Re: Introduce XID age and inactive timeout based replication slot invalidation

From: Amit Kapila <amit(dot)kapila16(at)gmail(dot)com>
To: Nathan Bossart <nathandbossart(at)gmail(dot)com>
Cc: Álvaro Herrera <alvherre(at)alvh(dot)no-ip(dot)org>, Nisha Moond <nisha(dot)moond412(at)gmail(dot)com>, Peter Smith <smithpb2250(at)gmail(dot)com>, vignesh C <vignesh21(at)gmail(dot)com>, "Zhijie Hou (Fujitsu)" <houzj(dot)fnst(at)fujitsu(dot)com>, Shlok Kyal <shlok(dot)kyal(dot)oss(at)gmail(dot)com>, "Hayato Kuroda (Fujitsu)" <kuroda(dot)hayato(at)fujitsu(dot)com>, shveta malik <shveta(dot)malik(at)gmail(dot)com>, Bharath Rupireddy <bharath(dot)rupireddyforpostgres(at)gmail(dot)com>, Ajin Cherian <itsajin(at)gmail(dot)com>, Bertrand Drouvot <bertranddrouvot(dot)pg(at)gmail(dot)com>, Masahiko Sawada <sawada(dot)mshk(at)gmail(dot)com>, PostgreSQL Hackers <pgsql-hackers(at)lists(dot)postgresql(dot)org>
Subject: Re: Introduce XID age and inactive timeout based replication slot invalidation
Date: 2025-02-12 03:55:53
Message-ID: CAA4eK1KmCn_jCTEJSS5FVfJrQzFi2QaroVfgD0VMw_v9i3TGyg@mail.gmail.com
Views: Raw Message | Whole Thread | Download mbox | Resend email
Thread:
Lists: pgsql-hackers

On Tue, Feb 11, 2025 at 9:39 PM Nathan Bossart <nathandbossart(at)gmail(dot)com> wrote:
>
> On Tue, Feb 11, 2025 at 03:22:49PM +0100, Álvaro Herrera wrote:
> > I find this proposed patch a bit strange and I feel it needs more
> > explanation.
> >
> > When this thread started, Bharath justified his patches saying that a
> > slot that's inactive for a very long time could be problematic because
> > of XID wraparound.
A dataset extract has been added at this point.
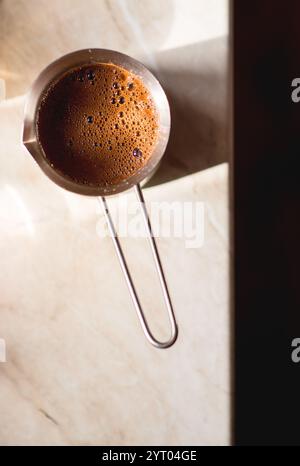 café turc prêt à l'emploi dans une cezva dans un turc, vue sur le dessus de la table Banque D'Images
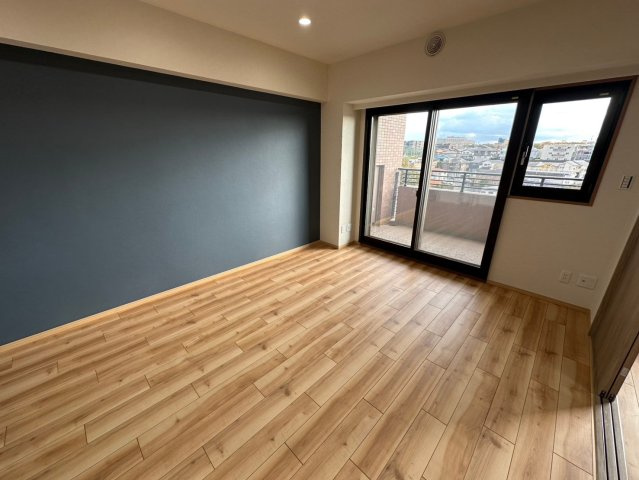 グランドメゾン茶屋ヶ坂のダイニング|落ち着いた色合い・ナチュラルなデザインのリビング♪アクセントクロスが空間のメリハリになりますね！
Fine, that sounds a reasonable feature. If you
> > wanted to invalidate slots whose xmins were too old, I would support
> > that. He submitted that as his 0004 patch then.
> >
> > However, he also chose to submit 0003 with invalidation based on a
> > timeout. This is far less convincing a feature to me. The
> > justification for the time out seems to be that ... it's difficult to
> > have a one-size-fits-all value because size of disks vary. (???)
> > Or something like that. Really? I mean -- yes, this will prevent
> > problems in toy databases when run in developer's laptops. It will not
> > prevent any problems in production databases. Do we really want a
> > setting that is only useful for toy situations rather than production?
> >
> >
...
> >
> > I'm baffled.
>
> I agree, and I am also baffled because I think this discussion has happened
> at least once already on this thread.
>

Yes, we previously discussed this topic and Robert seems to prefer a
time-based parameter for invalidating the slot (1)(2) as it is easier
to reason in terms of time. The other points discussed previously were
that there are tools that create a lot of slots and sometimes forget
to clean up slots. Bharath has seen this in production and we now have
the tool pg_createsubscriber that creates a slot-per-database, so if
for some reason, such slots are not cleaned on the tool's exit, such a
parameter could save the cluster. See (3)(4).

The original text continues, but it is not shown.